• _Information given_:
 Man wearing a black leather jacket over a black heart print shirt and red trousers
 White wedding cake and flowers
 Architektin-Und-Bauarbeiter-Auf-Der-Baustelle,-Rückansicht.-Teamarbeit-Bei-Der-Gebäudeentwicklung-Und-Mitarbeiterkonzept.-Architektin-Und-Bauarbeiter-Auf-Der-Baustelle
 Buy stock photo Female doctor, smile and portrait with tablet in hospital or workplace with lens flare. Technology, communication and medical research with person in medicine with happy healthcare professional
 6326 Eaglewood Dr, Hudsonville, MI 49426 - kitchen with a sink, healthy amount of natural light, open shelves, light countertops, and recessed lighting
==
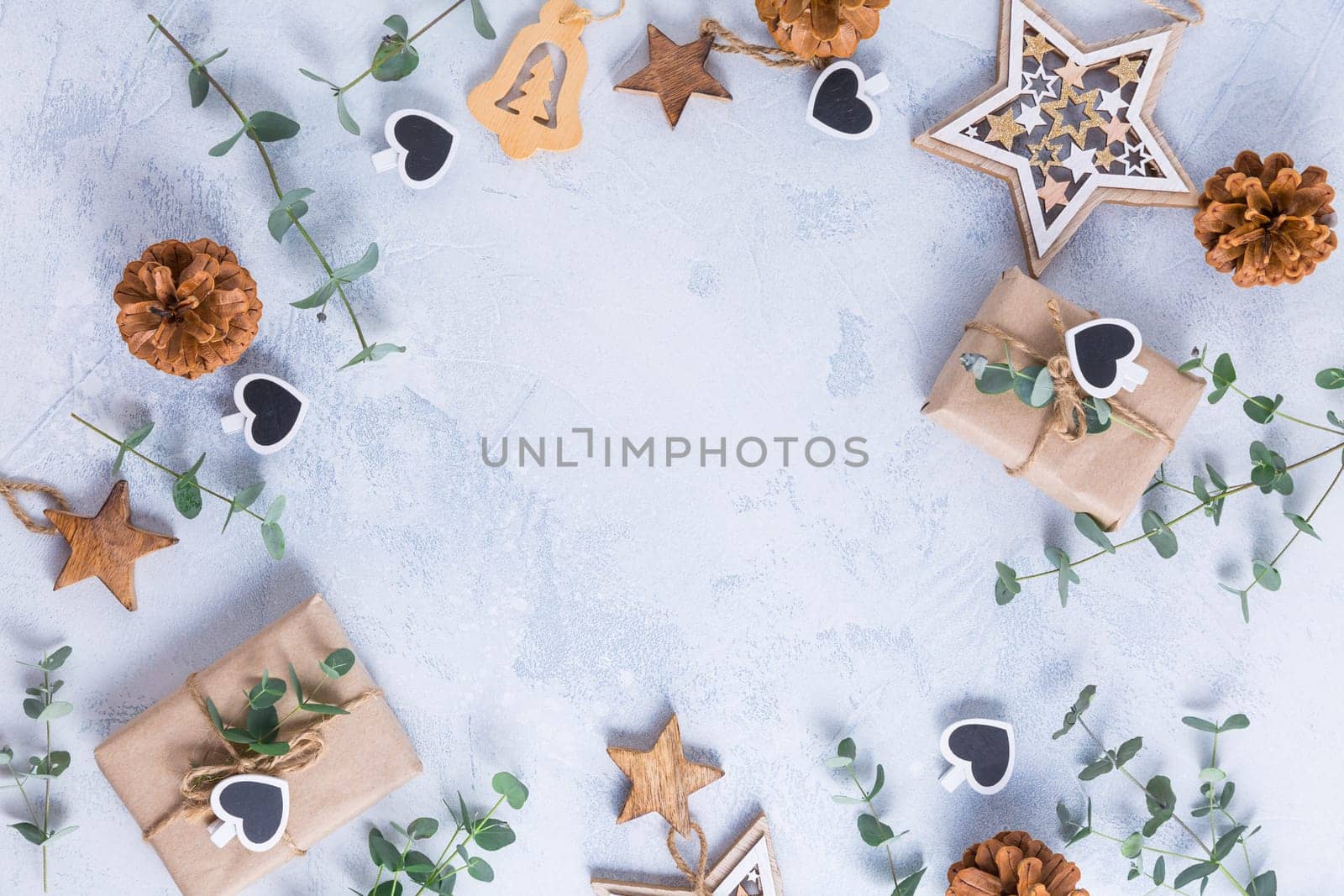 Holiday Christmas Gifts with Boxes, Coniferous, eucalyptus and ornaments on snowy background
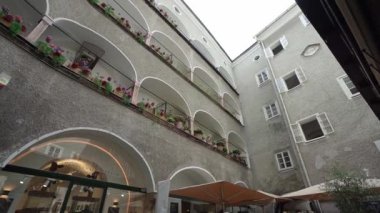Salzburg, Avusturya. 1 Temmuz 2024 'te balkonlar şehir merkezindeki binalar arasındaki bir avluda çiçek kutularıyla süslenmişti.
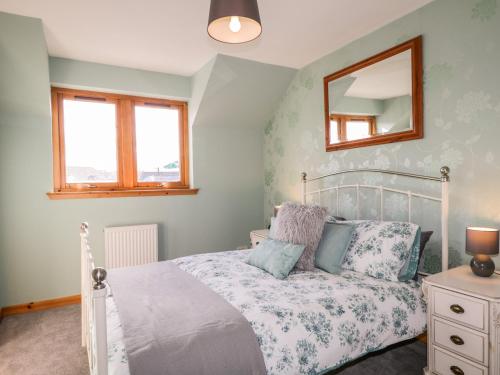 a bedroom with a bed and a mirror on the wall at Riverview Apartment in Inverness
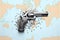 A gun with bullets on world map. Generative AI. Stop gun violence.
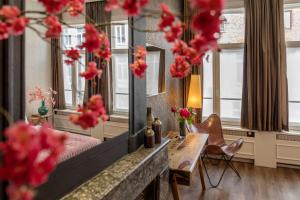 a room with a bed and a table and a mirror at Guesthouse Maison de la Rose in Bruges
---
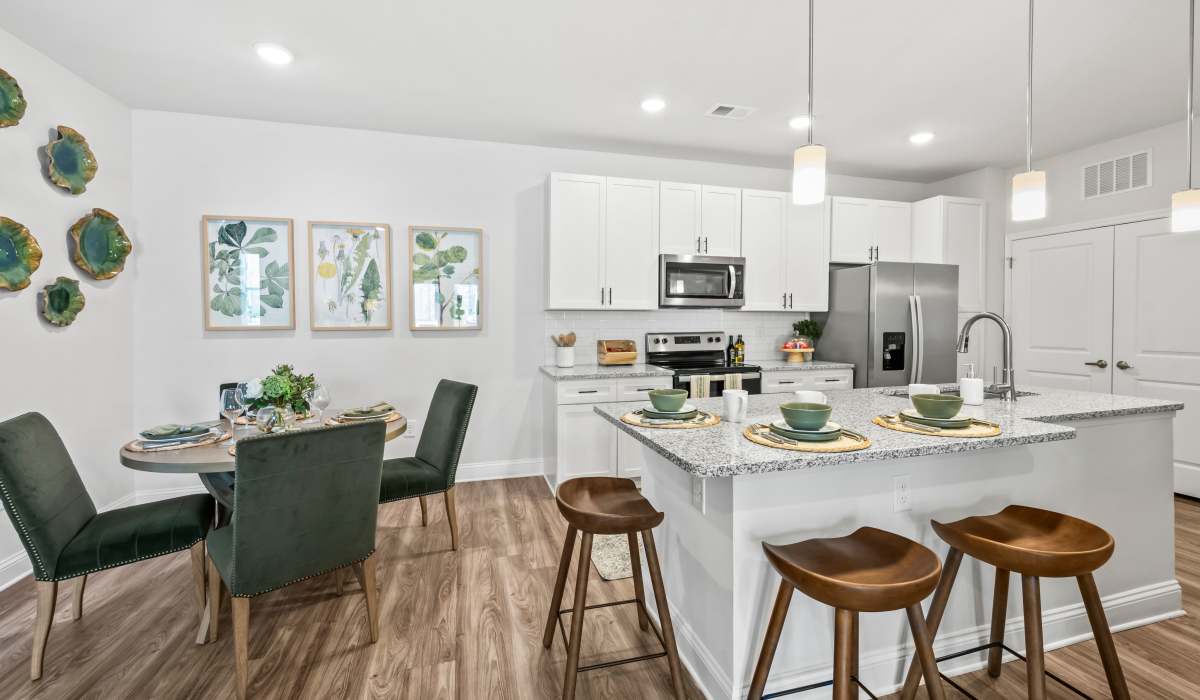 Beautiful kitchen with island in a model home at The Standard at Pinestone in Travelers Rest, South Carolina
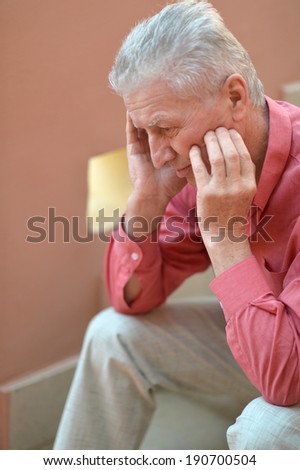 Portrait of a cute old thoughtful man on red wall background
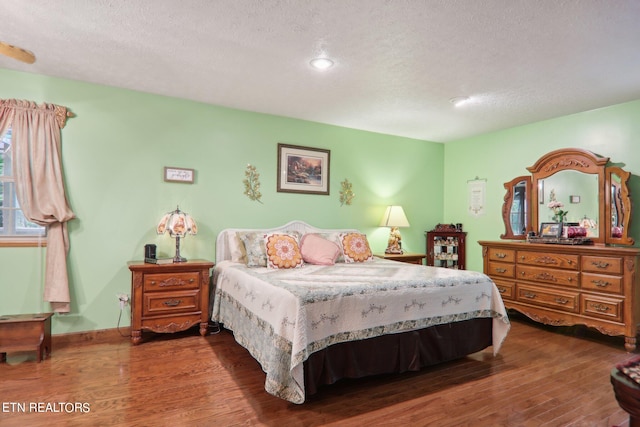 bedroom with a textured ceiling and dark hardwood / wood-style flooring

• _What is needed_: Beginning with the line that contains "Salzburg, Avusturya. 1" and ending with the line that contains "A gun with bullets", reproduce the listing exactly, pictures excluded.

• _Written answer_:
Salzburg, Avusturya. 1 Temmuz 2024 'te balkonlar şehir merkezindeki binalar arasındaki bir avluda çiçek kutularıyla süslenmişti.
 a bedroom with a bed and a mirror on the wall at Riverview Apartment in Inverness
 A gun with bullets on world map. Generative AI. Stop gun violence.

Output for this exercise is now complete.